Witam wszystkich!!!
Poradźcie mi co mam robić. Mój kotek Sami jest kastratem, ma 4 lata i jest żywym kotkiem. Do tej pory w ogóle mi nie chorował. Jakiś czas tem zrobiła mu się na górnej wardze jakaś rana, zaczerwienienie, co okazało się u wet.wrzodem powstałym z tytułu jakiejś infekcji wew. i zmiejszoną odpornością. Dostał dwie serije antybiotyków, 1 w tygodniu jeden zastrzyk. W kolejne odwiedziny była morfologia, która jak się okazało wskazała podwyższony poziom keratyniny. Mocznik i wszystkie inne parametry są ok. tylko ta jedna o niecałe pół mg ponad normę.

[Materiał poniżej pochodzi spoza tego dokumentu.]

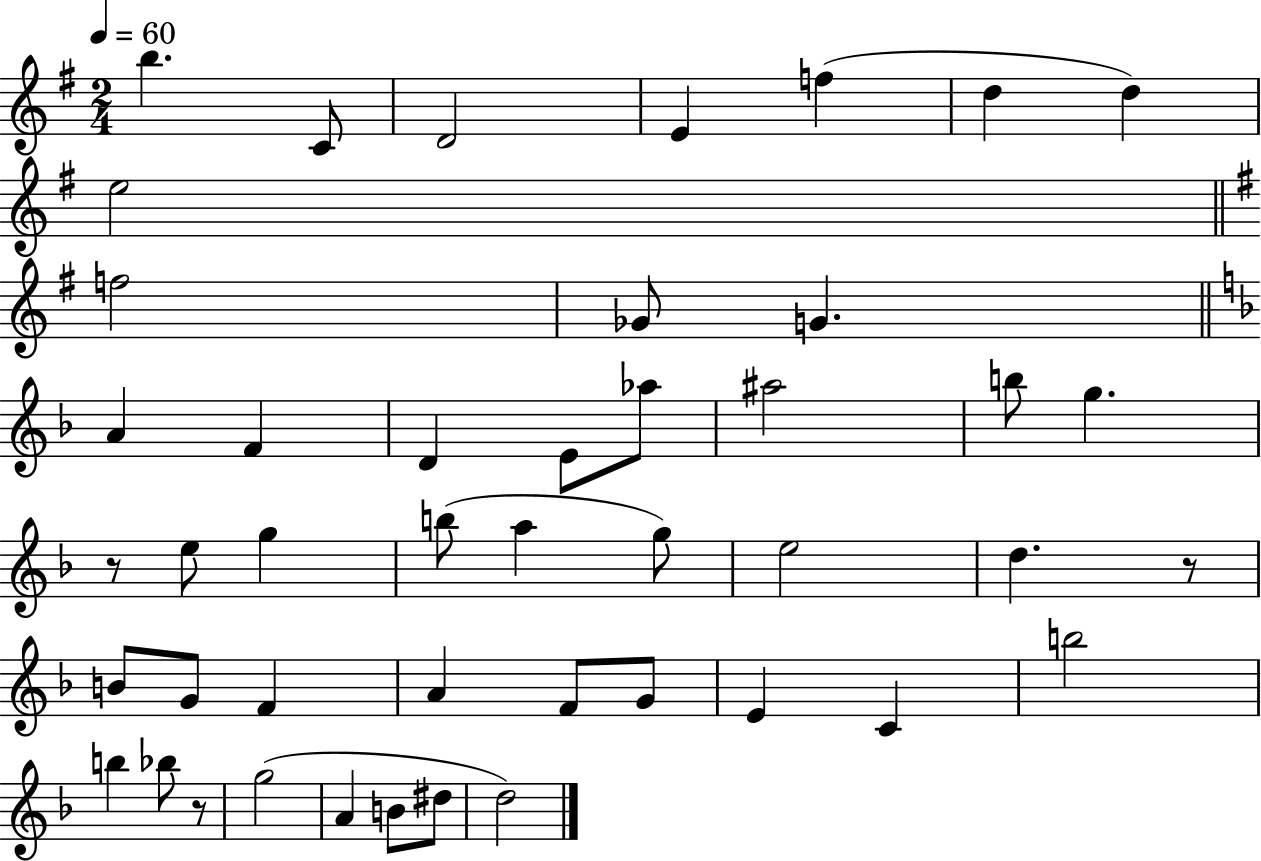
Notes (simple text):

B5/q. C4/e D4/h E4/q F5/q D5/q D5/q E5/h F5/h Gb4/e G4/q. A4/q F4/q D4/q E4/e Ab5/e A#5/h B5/e G5/q. R/e E5/e G5/q B5/e A5/q G5/e E5/h D5/q. R/e B4/e G4/e F4/q A4/q F4/e G4/e E4/q C4/q B5/h B5/q Bb5/e R/e G5/h A4/q B4/e D#5/e D5/h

Wet. powiedziała, że mam kota nerkowca i mam zmienić jego funkcjonowanie, bo jest przewlekle chory. Specjalna karma zakupiona u wet. ma zastąpić wszystko co jadał do tej pory.
Raz, ze jestem przerażona i smutna, czy mój kot naprawdę jest strasznie ciężko chory. Dwa, że mój kocur nie chce tknąć tej nerkowej karmy.
Na pewno teraz nie będę już mu dawać wszyskiego co do tej pory, czyli saszetek z reklam-ponoć tak zdrowych jak wmawiają no i przekąsek typu mleko lub mięsko.
Ale doradźcie mi czy mam wpadać w panikę i co mój ukochany Sami ma jeść.
No weterynarka wprowadziła mnie w doła straszliwego.
Dzięki za odp. i pozdrawiam wszystkich kochających koty.